Big O Flashcards
State the master method and define each of the variables.
T(n) <= aT(n/b) + O(n^d)
a = Number of recursive calls
b = How much the problem set is reduced in each call
d = Represents amount of work in each call, 0 is constant time, 1 is linear, 2 would be quadratic, etc
What does master method from a = b^d represent? What is it’s running time?
Total amount of work is same at each sub-level (but spread out among more sub-problems).
O(n^d * log(n))
What does master method form a < b^d represent?
Total amount of work decreases at each sub-level of recursion tree, so most work is at the root level.
O(n^d) which is the amount of work done at the root level
What does master method form a > b^d represent? What is it’s running time?
Total amount of work is increasing at each sub-level of recursion tree, so the most work is done where there are the most # of leaves in the tree, or the bottom of it.
O(n^(logb(a))) which is also the number of leaves
What is a starting point (usually ok estimate) for recursive run times?
O(branches^depth)
What are the two main classifications of run time?
Polynomial and super-polynomial?
What is a polynomial runtime? How feasible is it? Give a few examples.

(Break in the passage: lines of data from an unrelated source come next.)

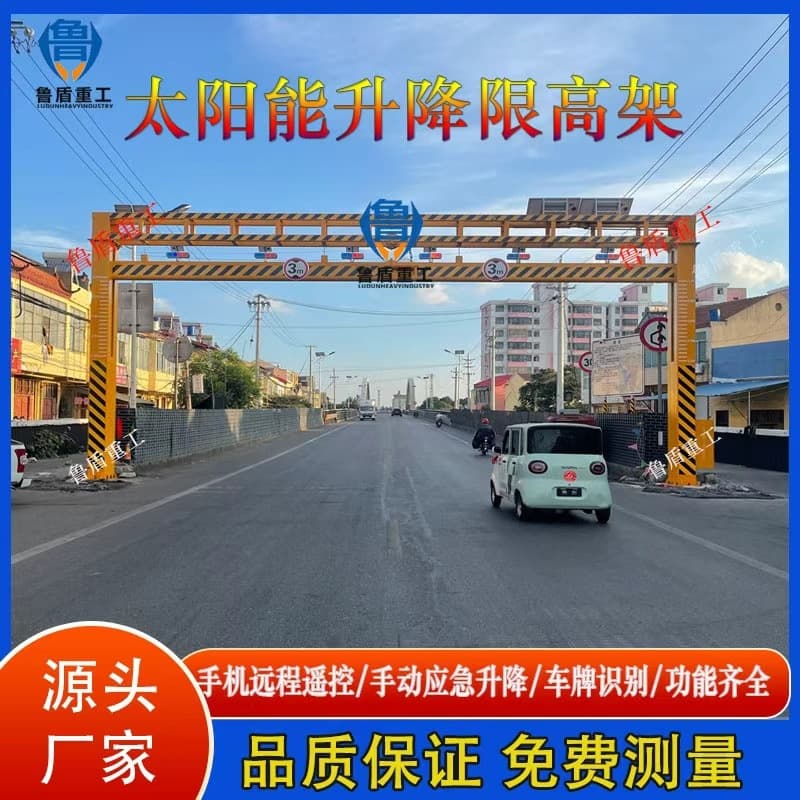 Intelligent Liftable Height Restriction Frame License Plate Recognition Automatic Remote Control Mobile/Computer Manual Liftable Height Limiter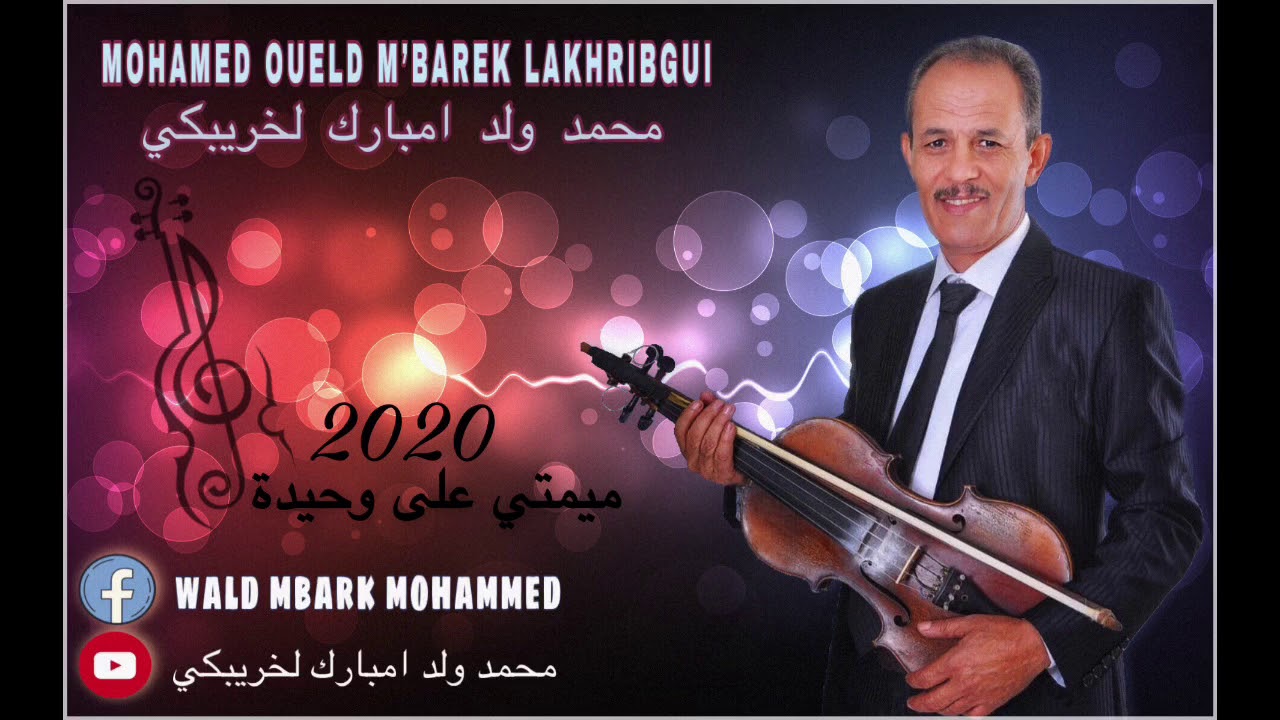OUELD MBAREK LAKHRIBGUI محمد ولد امبارك لخريبكي 🎻 ميمتي على وحيدة 2020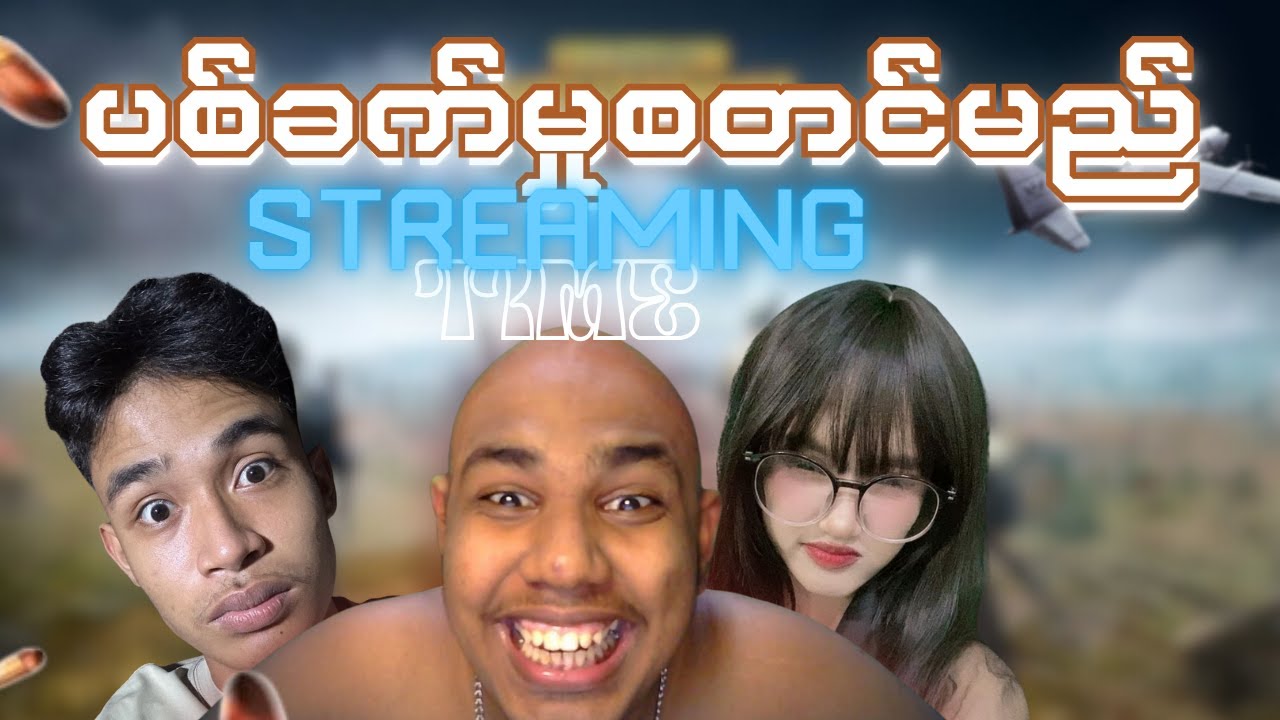 Pubg Rom လာပြီ ကျူံးမယ်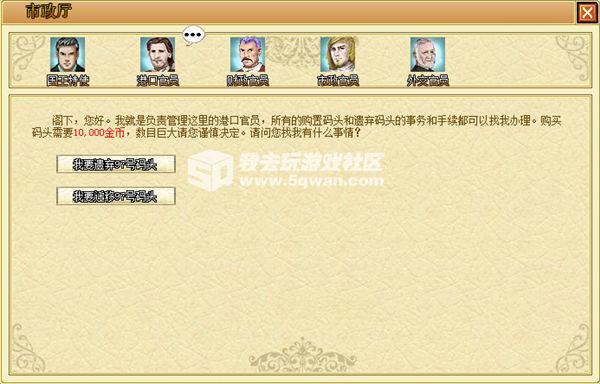 2025香港正版资料免费看，探索香港资讯，免费获取正版资料的未来之路（2025展望）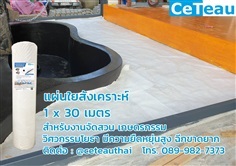 แผ่นใยสังเคราะห์ (Geotextile) 1x30m งานจัดสวน เกษตรกรรม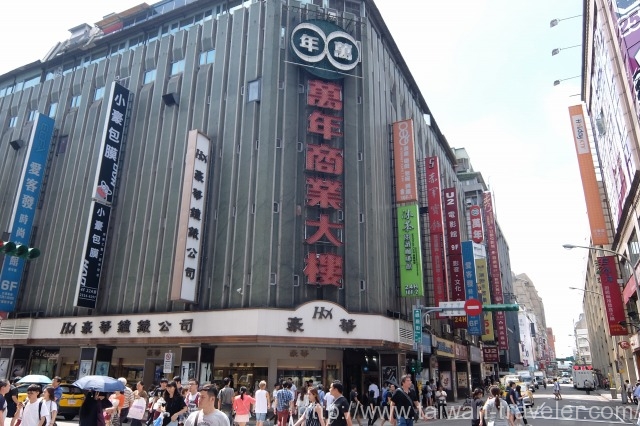 金園排骨1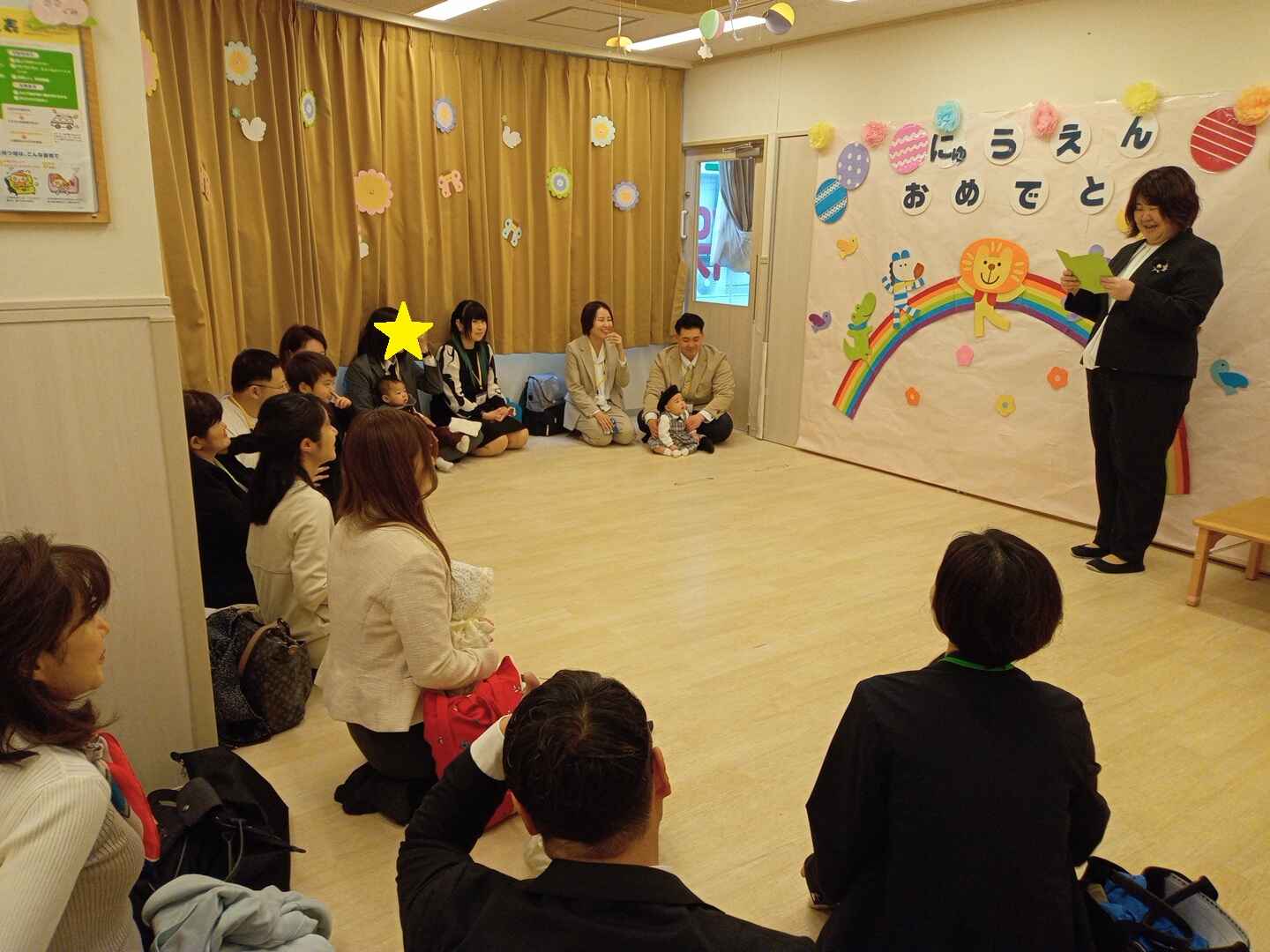https://hoiku.shopro.co.jp/hoiku/img/2026/04/256166420261950.jpg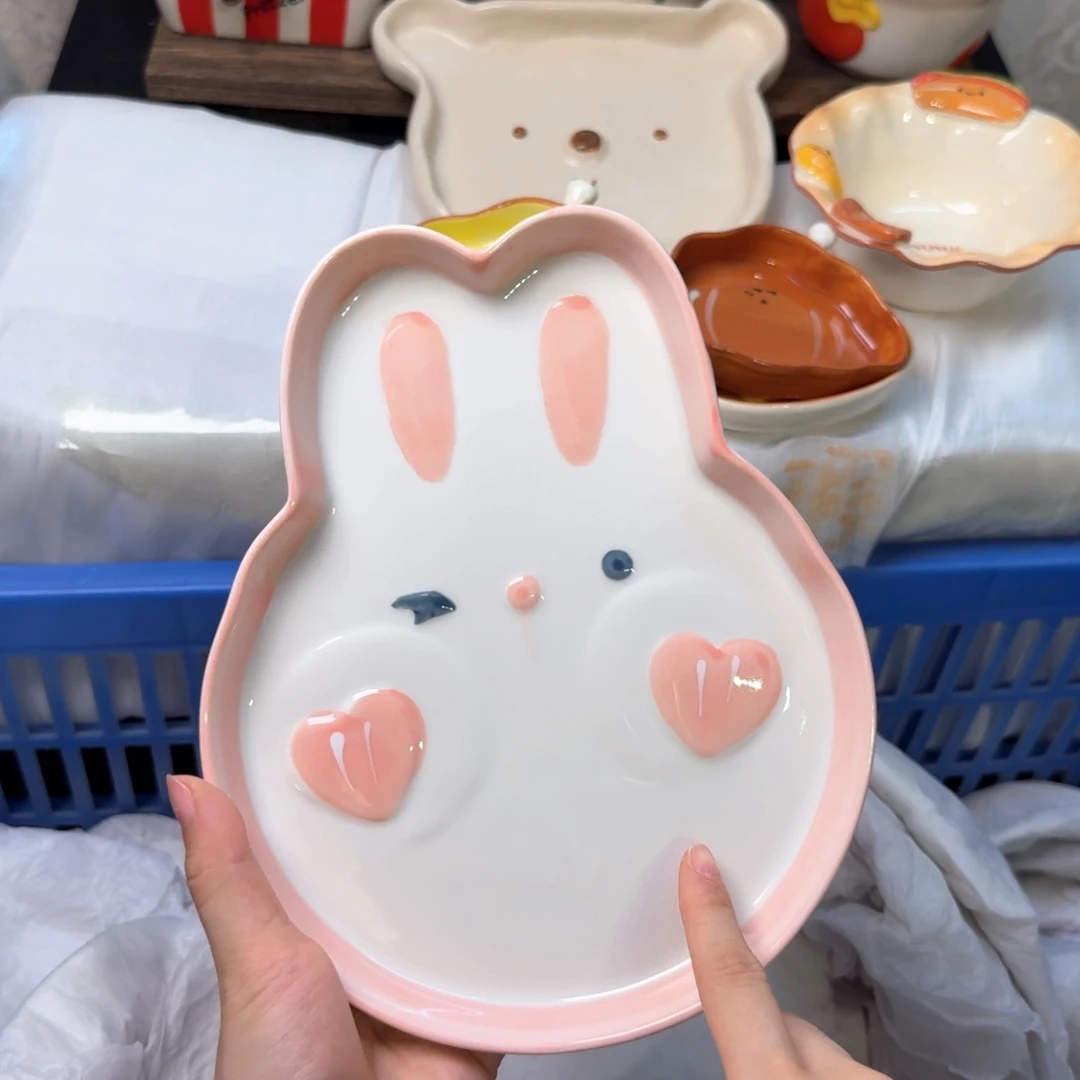 瓷陶瓷陶瓷陶瓷陶瓷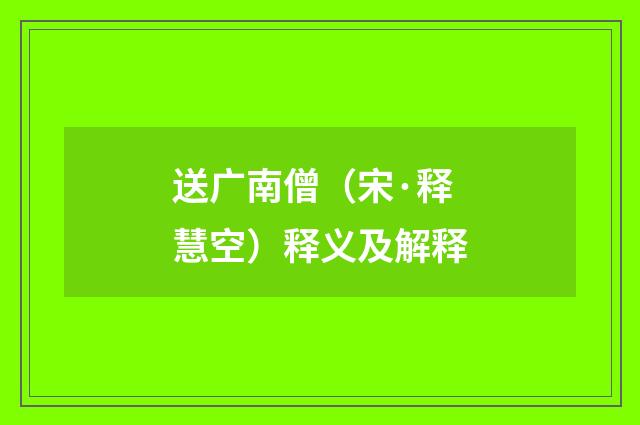 送广南僧（宋·释慧空）释义及解释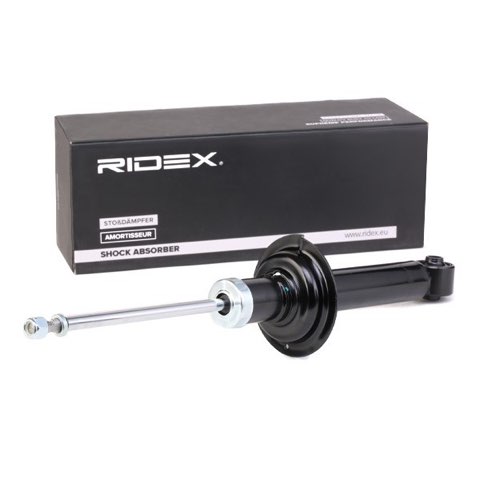 Ridex 854S1786 Shock Absorber, photo 3
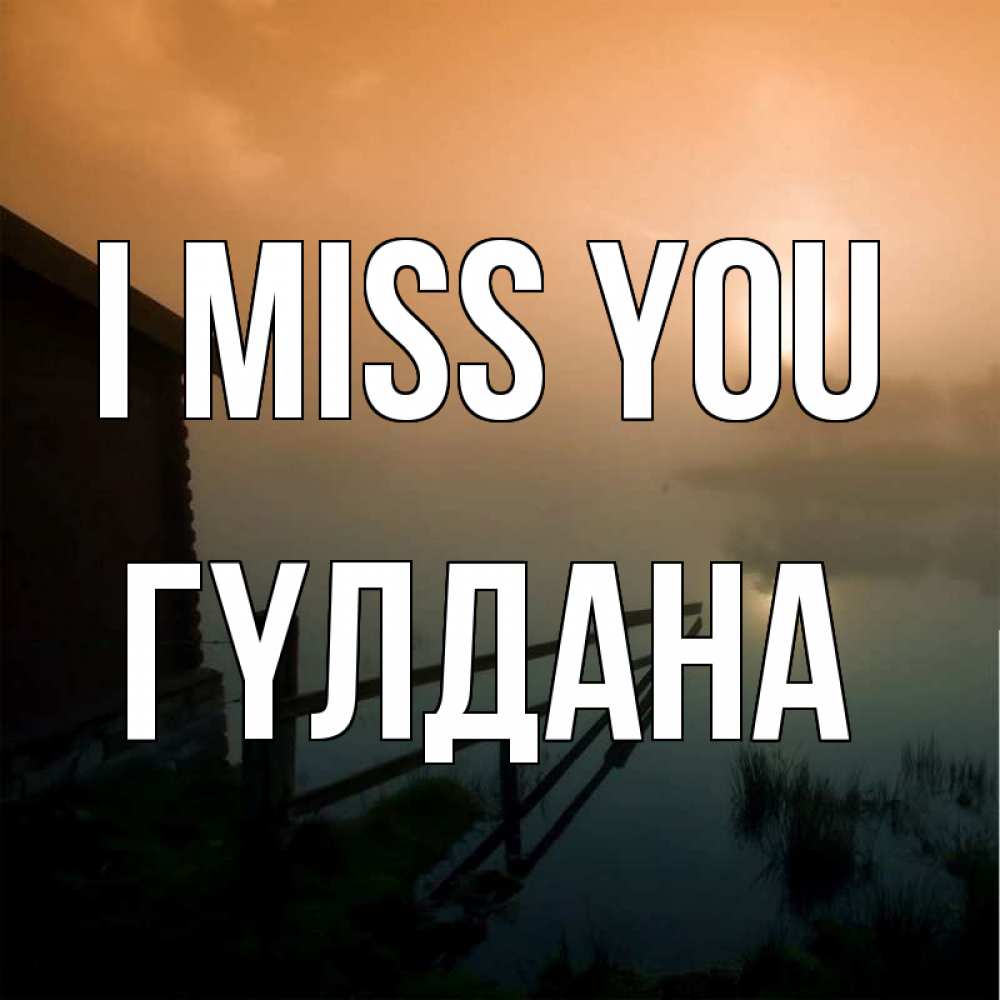 Greetings card с именем, ГҮЛДАНА I miss you приходи ко мне на чай Greetings with text for free download 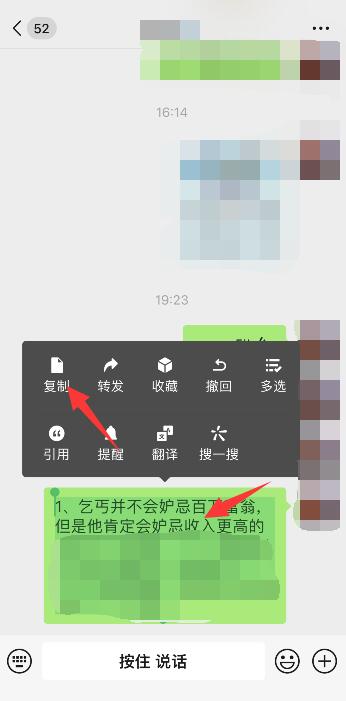 微信粘贴给好友怎么弄 附近人加微信好友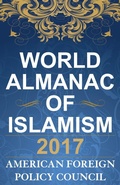 Cover: The World Almanac of Islamism 2017 - Rowman & Littlefield Publishers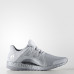 Кросівки Adidas PureBoost Xpose S82066
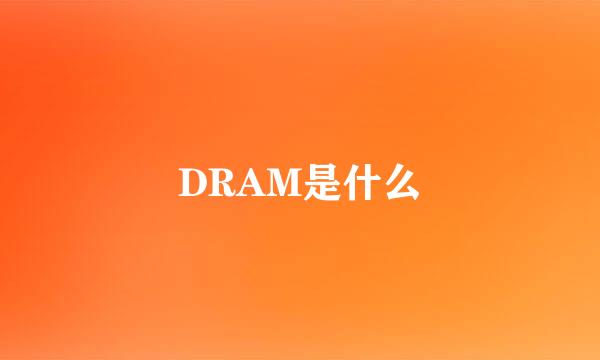 DRAM是什么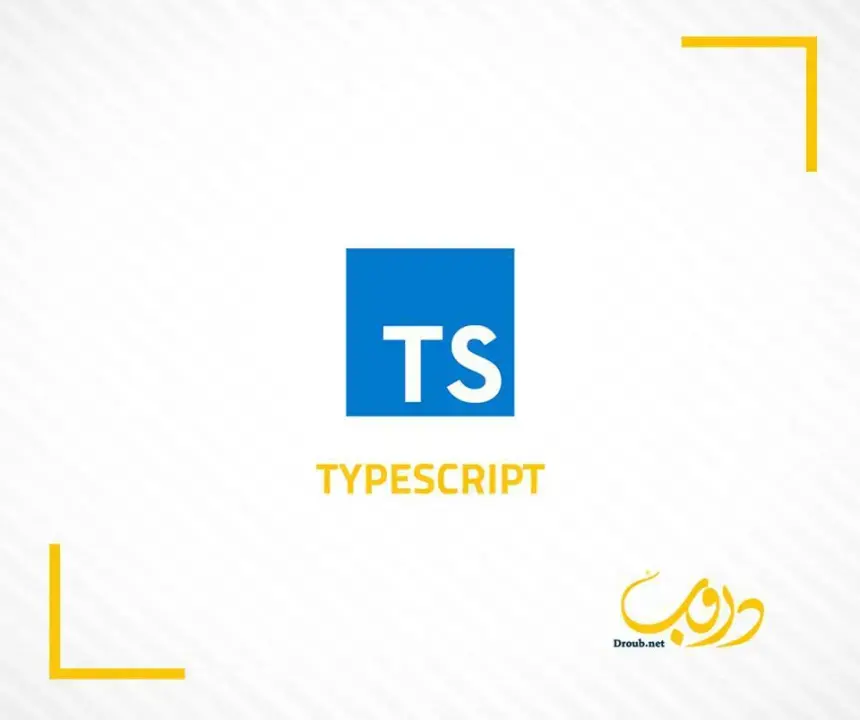 ما هي الـ TypeScript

Anything where the variable isn’t in the exponent. Can be very feasible lgn, n, 2n, or a bit slow but doable if really need to n^2, n ^3.
What is a super-polynomial runtime? How feasible is it? Give a few examples.
Anything where the variable is raised/a power. Basically impossible on an large problem set, traveling salesman problem. 2^n. 3^n
How do Big O and tilde notation differ?
Tilde keeps the coefficient of the dominant term.